> _PROBLEM TO SOLVE_:
Your answer must match the records word for word and contain no pictures.

> _RECORD EXCERPTS_:
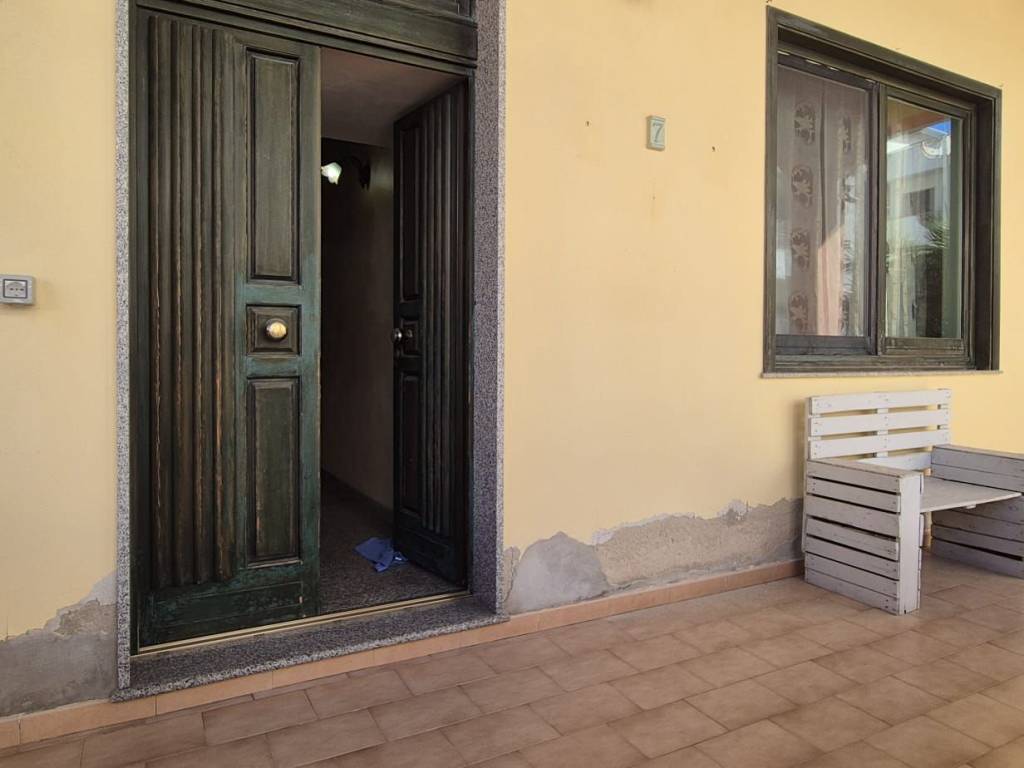 Villa a Avola in Via Giuseppe La Farina - Foto 4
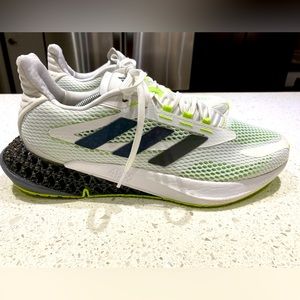 ADIDAS 4DFWD PULSE 2 RUNNING SHOES Size 11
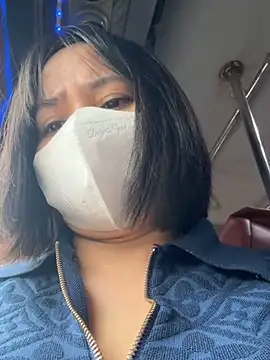 May-Squirt online show from 22, 3, 2026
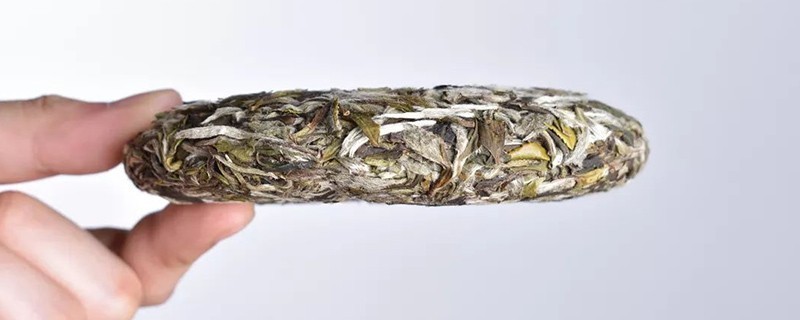 白茶的分类，白茶的品类有哪些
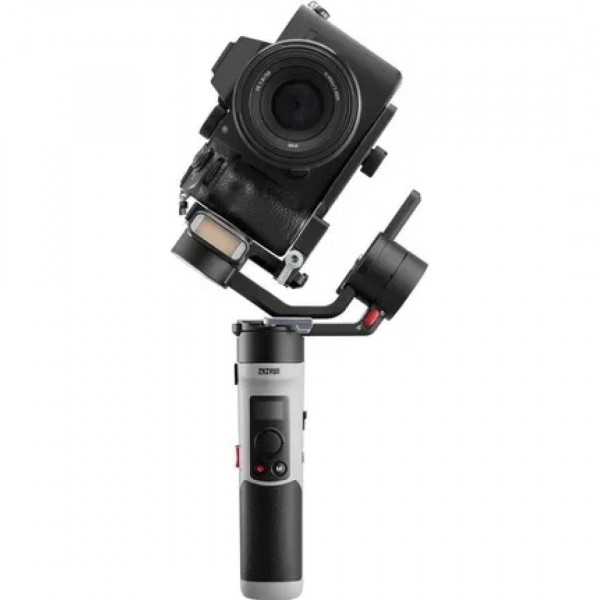 Стабілізатор (стедікам) Zhiyun CRANE 2S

> _ANSWER TO THIS EXERCISE_:
 Villa a Avola in Via Giuseppe La Farina - Foto 4
 ADIDAS 4DFWD PULSE 2 RUNNING SHOES Size 11
 May-Squirt online show from 22, 3, 2026
 白茶的分类，白茶的品类有哪些
 Стабілізатор (стедікам) Zhiyun CRANE 2S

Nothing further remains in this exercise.